After an hour and a half into the race, the rain got heavier causing many spins and subsequent full-course yellow periods. During one of these full-course yellows, the No. 8 Audi that had pitted earlier managed narrowly to take the lead from the pitted No. 17 Porsche. The heavier rain suited Audi and soon also the No. 7 Audi overtook the No. 17 Porsche for second place, before the Audis swapped positions in the lead and No. 7 led the race.
Meanwhile, the No. 18 Porsche had recovered to fourth place after its early spin and it passed the No. 17 sister car for third place. The No. 8 Audi didn't have the pace to stay ahead the Porsches, and soon after also the No. 7 Audi had to let the Porsches past on the drying track.
Since then the race was led by Porsches, with No. 17 passing the No. 18 for lead. After four and a half hours, Romain Dumas of the No. 18 Porsche had a spin at Turn 1, costing over 30 seconds. As a consequence, the No. 18 car was in fourth place behind the Audis when everybody had one stop remaining. While the Audis pitted for fuel and new tires, the No. 18 Porsche had a late and short stop for fuel only, allowing it to exit the pits in seconds place ahead of the Audis.

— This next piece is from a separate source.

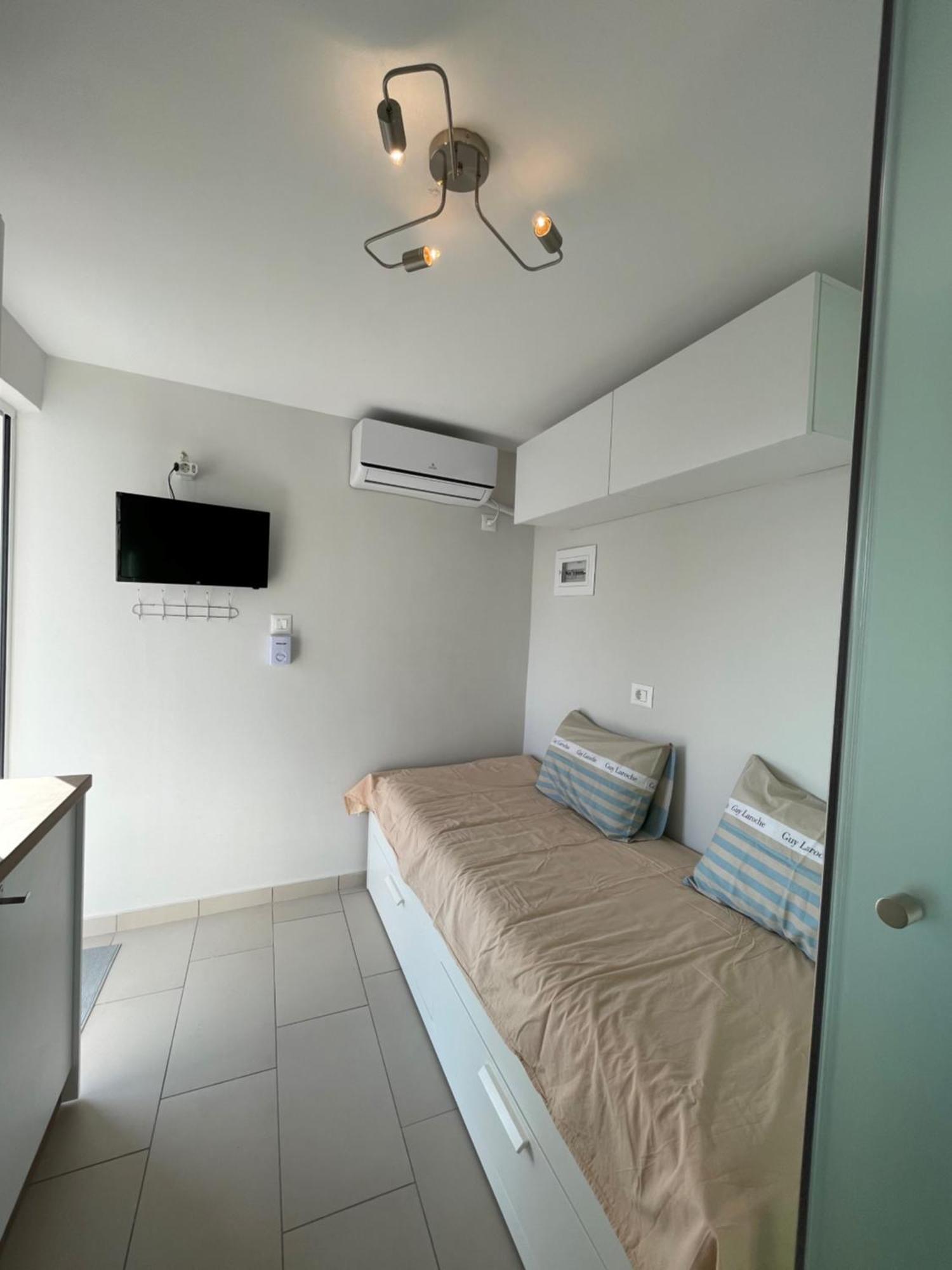 Roof Top Studio Patras Dış mekan fotoğraf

A late full-course yellow for a crash by Mathias Beche of the No. 12 Rebellion Racing entry cost time for André Lotterer in the No. 7 Audi to catch Romain Dumas in the No. 18 Porsche with older tires. Still he couldn't catch Dumas even once the race was back on green. Despite the crash, the No. 12 Rebellion could return to pits and rejoin the race ahead of the No. 4 Team Bykolles entry, winning the private LMP1 classification and the FIA Endurance Trophy for private LMP1 teams.
In the end, the No. 17 Porsche of Timo Bernhard, Mark Webber, and Brendon Hartley won the race ahead of the No. 18 sister car of Romain Dumas, Neel Jani, and Marc Lieb. The result secured the manufacturers' championship for Porsche.
The last minute of the race had drama when Ricardo Gonzalez spun the No. 28 G-Drive Racing Ligier-Nissan from third place in the LMP2 class. The No. 36 Signatech Alpine entry won the class while the favorites G-Drive Racing and KCMG had difficulties in the race.
Not a full-season entry, the No. 29 Pegasus Racing Morgan-Nissan was leading in the rainy conditions in the middle parts of the race with its superior Michelin wet tires as opposed to other cars' Dunlop tires, though eventually it finished only fifth in the class.
Both G-Drive entries were given drive-through penalties during the race. The championship-leading No. 26 was penalized for not respecting full-course yellow speed whereas the No. 28 was penalized for causing a collision. The No. 26 finished the race second whereas the No. 28's race ended on the last minute with Gonzalez's spin.
The KCMG Oreca lost a lap following its early spin, though it was able to proceed to third place. Still the gap to the leading No. 26 G-Drive entry in points increased to 16 points.
GTE-Pro & Am
Fourth in yesterday's qualifying, the No. 91 Porsche Team Manthey 911 RSR made it to the lead of the GTE-Pro class during the first hour and led most of the race since then. The polesitter, No. 51 AF Corse Ferrari was second, 45 second behind, and the No. 92 Porsche Team Manthey 911 RSR was third.
The No. 83 AF Corse Ferrari won the GTE-Am class, despite a drive-through penalty for pit lane infringement. The polesitter, No. 98 Aston Martin Racing car was second, 41 seconds behind.
The FIA World Endurance Championship finishes with the Six Hours of Bahrain on November 19-21.